What is scalability, really? Within the IT realm, it’s the ability to react quickly to changing business conditions. The cloud is designed for that, and for the concept of the distributed enterprise. You need more processing power for analytics or Black Friday, so you start thinking about infrastructure as a service. You need to set up a new software application quickly, so you set up software as a service. You need to do development quickly, so you contract with a platform-as-a-service provider. No matter where the business need is, the cloud is there.
See what’s missing? The time-consuming, painstaking process of budgeting, procuring, configuring, and managing new systems – a huge part of the sunk costs and lost time that go into new IT projects.
What’s also missing: the time spent agonizing about whether a project should be killed. The financial fundamentals of cloud computing make it easier to say, “This isn’t working. Let’s move on.” It’s also easier to say, “We have a real opportunity here; let’s invest more in it.” The result: new levels of agility.
Think about what that means for an IT department’s reputation. How many times has the CIO been referred to as “the abominable no-man” – that is, saying that projects can’t be done in a particular time frame because of a lack of money or a lack of resources? How many times has someone agonized over that horrible statistic (courtesy of research firm Gartner) that 80% of the budget is “dead money” – money spent for system maintenance but not for innovation or growth. The cloud helps enterprises recoup some – and maybe, someday, all – of that dead money.
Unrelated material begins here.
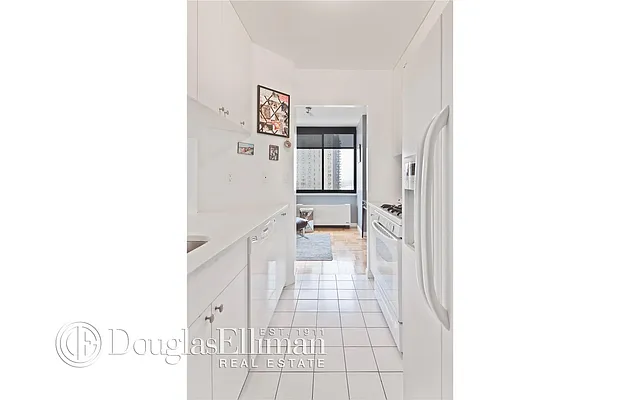 Rented by Douglas Elliman | media 17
That’s why cloud computing is so exciting. It strips away the inertia that plagues so many projects, the desire not to waste money. A distributed enterprise doesn’t waste what it doesn’t spend in the first place. In an increasingly competitive world, the ability to react quickly and to pivot smoothly becomes the new benchmark of success. The enterprise that can see opportunities wherever they may be, seize them, and then either capitalize on them or jettison them, is the one that will thrive.